(REQUIREMENT)
Word-for-word transcription: reproduce all of the data, but not the pictures.

____ THE DATA

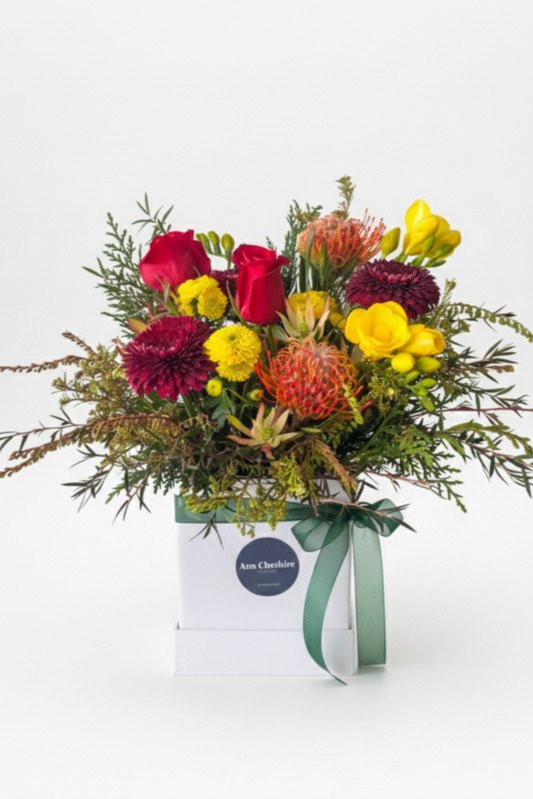 Bouquet of colorful flowers in a box with a visible brand label on a white background
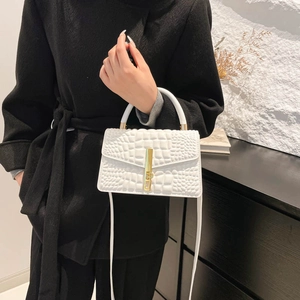 Elegant white crocodile embossed crossbody bag with gold buckle on a model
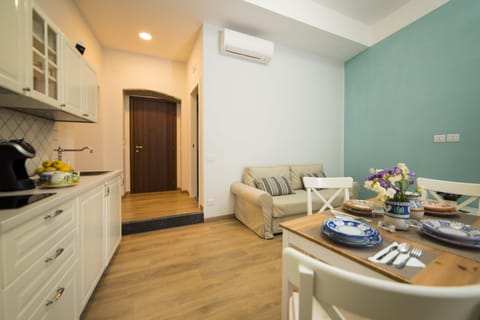 Family Quadruple Room, 1 Bedroom, City View | Living area | 40-inch flat-screen TV with digital channels, TV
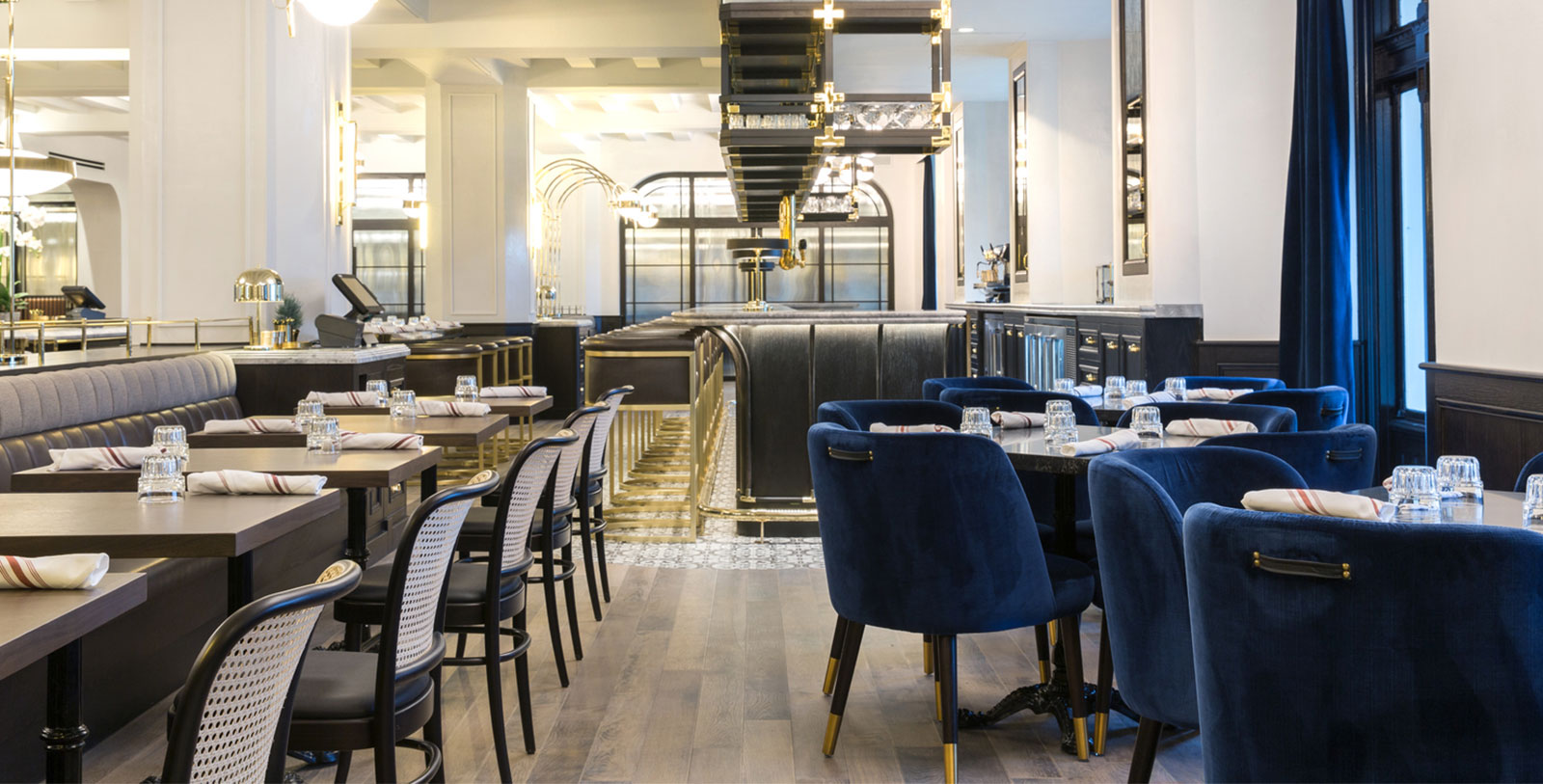 a restaurant with tables and chairs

________

(YOUR RESPONSE)
 Bouquet of colorful flowers in a box with a visible brand label on a white background
 Elegant white crocodile embossed crossbody bag with gold buckle on a model
 Family Quadruple Room, 1 Bedroom, City View | Living area | 40-inch flat-screen TV with digital channels, TV
 a restaurant with tables and chairs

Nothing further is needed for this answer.